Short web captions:
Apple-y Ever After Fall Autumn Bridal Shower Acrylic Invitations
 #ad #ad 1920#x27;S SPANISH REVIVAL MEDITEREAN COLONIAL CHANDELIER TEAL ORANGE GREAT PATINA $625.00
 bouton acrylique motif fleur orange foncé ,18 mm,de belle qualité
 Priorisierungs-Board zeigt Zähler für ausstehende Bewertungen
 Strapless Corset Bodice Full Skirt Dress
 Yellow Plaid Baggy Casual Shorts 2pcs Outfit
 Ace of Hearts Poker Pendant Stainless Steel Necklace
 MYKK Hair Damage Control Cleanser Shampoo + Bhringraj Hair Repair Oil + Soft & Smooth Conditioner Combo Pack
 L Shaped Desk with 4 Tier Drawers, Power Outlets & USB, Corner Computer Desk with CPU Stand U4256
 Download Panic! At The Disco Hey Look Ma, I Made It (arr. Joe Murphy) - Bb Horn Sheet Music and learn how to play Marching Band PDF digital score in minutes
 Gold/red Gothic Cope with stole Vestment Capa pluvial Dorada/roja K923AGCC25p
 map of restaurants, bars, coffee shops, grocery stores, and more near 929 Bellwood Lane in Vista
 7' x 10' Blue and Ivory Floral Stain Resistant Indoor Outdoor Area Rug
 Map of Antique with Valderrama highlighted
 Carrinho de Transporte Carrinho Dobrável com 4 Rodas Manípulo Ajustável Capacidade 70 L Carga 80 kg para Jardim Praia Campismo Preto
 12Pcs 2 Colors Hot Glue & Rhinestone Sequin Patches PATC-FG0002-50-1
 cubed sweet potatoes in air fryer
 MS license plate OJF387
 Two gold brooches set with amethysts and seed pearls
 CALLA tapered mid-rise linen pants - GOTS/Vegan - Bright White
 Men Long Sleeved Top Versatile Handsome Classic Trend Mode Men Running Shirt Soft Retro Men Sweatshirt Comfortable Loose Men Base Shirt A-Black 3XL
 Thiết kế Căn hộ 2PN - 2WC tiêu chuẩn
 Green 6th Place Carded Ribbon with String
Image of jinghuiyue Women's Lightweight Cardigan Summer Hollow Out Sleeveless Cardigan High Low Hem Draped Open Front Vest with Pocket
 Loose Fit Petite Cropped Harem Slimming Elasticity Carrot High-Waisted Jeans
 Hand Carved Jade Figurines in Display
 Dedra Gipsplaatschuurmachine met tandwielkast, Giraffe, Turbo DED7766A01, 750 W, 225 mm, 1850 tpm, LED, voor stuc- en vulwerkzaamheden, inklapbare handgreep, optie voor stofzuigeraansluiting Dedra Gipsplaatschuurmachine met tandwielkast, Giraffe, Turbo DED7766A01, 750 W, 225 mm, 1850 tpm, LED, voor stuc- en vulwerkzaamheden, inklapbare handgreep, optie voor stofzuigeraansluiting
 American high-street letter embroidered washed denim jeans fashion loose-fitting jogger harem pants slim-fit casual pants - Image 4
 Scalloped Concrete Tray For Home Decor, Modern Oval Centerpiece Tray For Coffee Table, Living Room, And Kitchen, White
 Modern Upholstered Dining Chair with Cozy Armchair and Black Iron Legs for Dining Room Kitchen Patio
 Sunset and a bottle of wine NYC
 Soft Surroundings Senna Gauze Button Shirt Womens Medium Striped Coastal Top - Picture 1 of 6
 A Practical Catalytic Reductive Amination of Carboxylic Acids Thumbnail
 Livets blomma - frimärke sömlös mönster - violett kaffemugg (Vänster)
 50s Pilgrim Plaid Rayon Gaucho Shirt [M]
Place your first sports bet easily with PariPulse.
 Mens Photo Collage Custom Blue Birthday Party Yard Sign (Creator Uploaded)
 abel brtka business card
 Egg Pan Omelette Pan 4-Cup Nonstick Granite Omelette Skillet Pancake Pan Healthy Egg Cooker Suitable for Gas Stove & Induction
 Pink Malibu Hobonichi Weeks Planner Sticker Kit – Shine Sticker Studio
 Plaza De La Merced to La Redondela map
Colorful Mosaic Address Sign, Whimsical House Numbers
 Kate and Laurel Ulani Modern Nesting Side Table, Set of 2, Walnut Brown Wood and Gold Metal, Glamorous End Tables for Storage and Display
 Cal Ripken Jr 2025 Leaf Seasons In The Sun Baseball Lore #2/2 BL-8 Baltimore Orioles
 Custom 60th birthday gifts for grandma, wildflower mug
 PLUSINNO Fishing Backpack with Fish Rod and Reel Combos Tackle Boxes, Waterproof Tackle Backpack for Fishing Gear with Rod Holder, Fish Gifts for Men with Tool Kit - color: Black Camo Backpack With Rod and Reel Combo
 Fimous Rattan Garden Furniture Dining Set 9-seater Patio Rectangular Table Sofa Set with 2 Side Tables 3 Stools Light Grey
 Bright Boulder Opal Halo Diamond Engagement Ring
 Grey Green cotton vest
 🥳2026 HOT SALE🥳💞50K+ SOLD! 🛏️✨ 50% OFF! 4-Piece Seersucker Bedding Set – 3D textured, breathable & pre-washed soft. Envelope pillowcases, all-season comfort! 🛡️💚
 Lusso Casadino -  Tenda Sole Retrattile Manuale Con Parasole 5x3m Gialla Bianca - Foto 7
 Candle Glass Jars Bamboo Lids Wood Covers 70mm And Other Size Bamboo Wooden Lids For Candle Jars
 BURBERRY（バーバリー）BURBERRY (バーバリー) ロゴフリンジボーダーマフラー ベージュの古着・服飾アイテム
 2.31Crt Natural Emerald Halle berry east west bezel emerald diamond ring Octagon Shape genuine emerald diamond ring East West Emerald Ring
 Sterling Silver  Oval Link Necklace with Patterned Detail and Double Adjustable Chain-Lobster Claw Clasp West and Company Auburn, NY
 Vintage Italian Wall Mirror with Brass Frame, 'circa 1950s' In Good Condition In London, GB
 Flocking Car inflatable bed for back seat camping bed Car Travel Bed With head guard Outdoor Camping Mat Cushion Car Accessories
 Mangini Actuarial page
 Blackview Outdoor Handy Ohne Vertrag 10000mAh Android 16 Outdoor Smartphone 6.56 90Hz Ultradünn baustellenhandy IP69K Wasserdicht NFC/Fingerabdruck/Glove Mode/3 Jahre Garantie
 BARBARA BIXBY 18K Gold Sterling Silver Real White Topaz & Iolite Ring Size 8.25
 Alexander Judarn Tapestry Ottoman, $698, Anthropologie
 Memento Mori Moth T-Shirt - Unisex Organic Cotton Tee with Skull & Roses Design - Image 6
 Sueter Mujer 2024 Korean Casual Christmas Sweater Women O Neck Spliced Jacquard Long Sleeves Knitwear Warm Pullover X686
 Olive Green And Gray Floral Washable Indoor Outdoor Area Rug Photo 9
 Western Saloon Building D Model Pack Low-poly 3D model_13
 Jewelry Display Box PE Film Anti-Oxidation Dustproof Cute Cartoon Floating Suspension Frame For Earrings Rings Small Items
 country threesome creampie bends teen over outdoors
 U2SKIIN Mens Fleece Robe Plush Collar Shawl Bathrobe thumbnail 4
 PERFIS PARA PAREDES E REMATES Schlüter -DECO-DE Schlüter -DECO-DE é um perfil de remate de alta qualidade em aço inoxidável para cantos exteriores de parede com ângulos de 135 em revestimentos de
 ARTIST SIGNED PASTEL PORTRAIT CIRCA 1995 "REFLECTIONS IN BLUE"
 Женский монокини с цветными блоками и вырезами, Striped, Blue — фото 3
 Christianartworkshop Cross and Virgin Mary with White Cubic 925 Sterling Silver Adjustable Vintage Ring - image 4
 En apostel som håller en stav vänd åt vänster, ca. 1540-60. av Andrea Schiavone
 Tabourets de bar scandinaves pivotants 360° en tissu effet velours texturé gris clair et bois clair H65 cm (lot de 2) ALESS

Directions for this task: Each line above must be retyped exactly.

Response to this task:
Apple-y Ever After Fall Autumn Bridal Shower Acrylic Invitations
 #ad #ad 1920#x27;S SPANISH REVIVAL MEDITEREAN COLONIAL CHANDELIER TEAL ORANGE GREAT PATINA $625.00
 bouton acrylique motif fleur orange foncé ,18 mm,de belle qualité
 Priorisierungs-Board zeigt Zähler für ausstehende Bewertungen
 Strapless Corset Bodice Full Skirt Dress
 Yellow Plaid Baggy Casual Shorts 2pcs Outfit
 Ace of Hearts Poker Pendant Stainless Steel Necklace
 MYKK Hair Damage Control Cleanser Shampoo + Bhringraj Hair Repair Oil + Soft & Smooth Conditioner Combo Pack
 L Shaped Desk with 4 Tier Drawers, Power Outlets & USB, Corner Computer Desk with CPU Stand U4256
 Download Panic! At The Disco Hey Look Ma, I Made It (arr. Joe Murphy) - Bb Horn Sheet Music and learn how to play Marching Band PDF digital score in minutes
 Gold/red Gothic Cope with stole Vestment Capa pluvial Dorada/roja K923AGCC25p
 map of restaurants, bars, coffee shops, grocery stores, and more near 929 Bellwood Lane in Vista
 7' x 10' Blue and Ivory Floral Stain Resistant Indoor Outdoor Area Rug
 Map of Antique with Valderrama highlighted
 Carrinho de Transporte Carrinho Dobrável com 4 Rodas Manípulo Ajustável Capacidade 70 L Carga 80 kg para Jardim Praia Campismo Preto
 12Pcs 2 Colors Hot Glue & Rhinestone Sequin Patches PATC-FG0002-50-1
 cubed sweet potatoes in air fryer
 MS license plate OJF387
 Two gold brooches set with amethysts and seed pearls
 CALLA tapered mid-rise linen pants - GOTS/Vegan - Bright White
 Men Long Sleeved Top Versatile Handsome Classic Trend Mode Men Running Shirt Soft Retro Men Sweatshirt Comfortable Loose Men Base Shirt A-Black 3XL
 Thiết kế Căn hộ 2PN - 2WC tiêu chuẩn
 Green 6th Place Carded Ribbon with String
Image of jinghuiyue Women's Lightweight Cardigan Summer Hollow Out Sleeveless Cardigan High Low Hem Draped Open Front Vest with Pocket
 Loose Fit Petite Cropped Harem Slimming Elasticity Carrot High-Waisted Jeans
 Hand Carved Jade Figurines in Display
 Dedra Gipsplaatschuurmachine met tandwielkast, Giraffe, Turbo DED7766A01, 750 W, 225 mm, 1850 tpm, LED, voor stuc- en vulwerkzaamheden, inklapbare handgreep, optie voor stofzuigeraansluiting Dedra Gipsplaatschuurmachine met tandwielkast, Giraffe, Turbo DED7766A01, 750 W, 225 mm, 1850 tpm, LED, voor stuc- en vulwerkzaamheden, inklapbare handgreep, optie voor stofzuigeraansluiting
 American high-street letter embroidered washed denim jeans fashion loose-fitting jogger harem pants slim-fit casual pants - Image 4
 Scalloped Concrete Tray For Home Decor, Modern Oval Centerpiece Tray For Coffee Table, Living Room, And Kitchen, White
 Modern Upholstered Dining Chair with Cozy Armchair and Black Iron Legs for Dining Room Kitchen Patio
 Sunset and a bottle of wine NYC
 Soft Surroundings Senna Gauze Button Shirt Womens Medium Striped Coastal Top - Picture 1 of 6
 A Practical Catalytic Reductive Amination of Carboxylic Acids Thumbnail
 Livets blomma - frimärke sömlös mönster - violett kaffemugg (Vänster)
 50s Pilgrim Plaid Rayon Gaucho Shirt [M]
Place your first sports bet easily with PariPulse.
 Mens Photo Collage Custom Blue Birthday Party Yard Sign (Creator Uploaded)
 abel brtka business card
 Egg Pan Omelette Pan 4-Cup Nonstick Granite Omelette Skillet Pancake Pan Healthy Egg Cooker Suitable for Gas Stove & Induction
 Pink Malibu Hobonichi Weeks Planner Sticker Kit – Shine Sticker Studio
 Plaza De La Merced to La Redondela map
Colorful Mosaic Address Sign, Whimsical House Numbers
 Kate and Laurel Ulani Modern Nesting Side Table, Set of 2, Walnut Brown Wood and Gold Metal, Glamorous End Tables for Storage and Display
 Cal Ripken Jr 2025 Leaf Seasons In The Sun Baseball Lore #2/2 BL-8 Baltimore Orioles
 Custom 60th birthday gifts for grandma, wildflower mug
 PLUSINNO Fishing Backpack with Fish Rod and Reel Combos Tackle Boxes, Waterproof Tackle Backpack for Fishing Gear with Rod Holder, Fish Gifts for Men with Tool Kit - color: Black Camo Backpack With Rod and Reel Combo
 Fimous Rattan Garden Furniture Dining Set 9-seater Patio Rectangular Table Sofa Set with 2 Side Tables 3 Stools Light Grey
 Bright Boulder Opal Halo Diamond Engagement Ring
 Grey Green cotton vest
 🥳2026 HOT SALE🥳💞50K+ SOLD! 🛏️✨ 50% OFF! 4-Piece Seersucker Bedding Set – 3D textured, breathable & pre-washed soft. Envelope pillowcases, all-season comfort! 🛡️💚
 Lusso Casadino -  Tenda Sole Retrattile Manuale Con Parasole 5x3m Gialla Bianca - Foto 7
 Candle Glass Jars Bamboo Lids Wood Covers 70mm And Other Size Bamboo Wooden Lids For Candle Jars
 BURBERRY（バーバリー）BURBERRY (バーバリー) ロゴフリンジボーダーマフラー ベージュの古着・服飾アイテム
 2.31Crt Natural Emerald Halle berry east west bezel emerald diamond ring Octagon Shape genuine emerald diamond ring East West Emerald Ring
 Sterling Silver  Oval Link Necklace with Patterned Detail and Double Adjustable Chain-Lobster Claw Clasp West and Company Auburn, NY
 Vintage Italian Wall Mirror with Brass Frame, 'circa 1950s' In Good Condition In London, GB
 Flocking Car inflatable bed for back seat camping bed Car Travel Bed With head guard Outdoor Camping Mat Cushion Car Accessories
 Mangini Actuarial page
 Blackview Outdoor Handy Ohne Vertrag 10000mAh Android 16 Outdoor Smartphone 6.56 90Hz Ultradünn baustellenhandy IP69K Wasserdicht NFC/Fingerabdruck/Glove Mode/3 Jahre Garantie
 BARBARA BIXBY 18K Gold Sterling Silver Real White Topaz & Iolite Ring Size 8.25
 Alexander Judarn Tapestry Ottoman, $698, Anthropologie
 Memento Mori Moth T-Shirt - Unisex Organic Cotton Tee with Skull & Roses Design - Image 6
 Sueter Mujer 2024 Korean Casual Christmas Sweater Women O Neck Spliced Jacquard Long Sleeves Knitwear Warm Pullover X686
 Olive Green And Gray Floral Washable Indoor Outdoor Area Rug Photo 9
 Western Saloon Building D Model Pack Low-poly 3D model_13
 Jewelry Display Box PE Film Anti-Oxidation Dustproof Cute Cartoon Floating Suspension Frame For Earrings Rings Small Items
 country threesome creampie bends teen over outdoors
 U2SKIIN Mens Fleece Robe Plush Collar Shawl Bathrobe thumbnail 4
 PERFIS PARA PAREDES E REMATES Schlüter -DECO-DE Schlüter -DECO-DE é um perfil de remate de alta qualidade em aço inoxidável para cantos exteriores de parede com ângulos de 135 em revestimentos de
 ARTIST SIGNED PASTEL PORTRAIT CIRCA 1995 "REFLECTIONS IN BLUE"
 Женский монокини с цветными блоками и вырезами, Striped, Blue — фото 3
 Christianartworkshop Cross and Virgin Mary with White Cubic 925 Sterling Silver Adjustable Vintage Ring - image 4
 En apostel som håller en stav vänd åt vänster, ca. 1540-60. av Andrea Schiavone
 Tabourets de bar scandinaves pivotants 360° en tissu effet velours texturé gris clair et bois clair H65 cm (lot de 2) ALESS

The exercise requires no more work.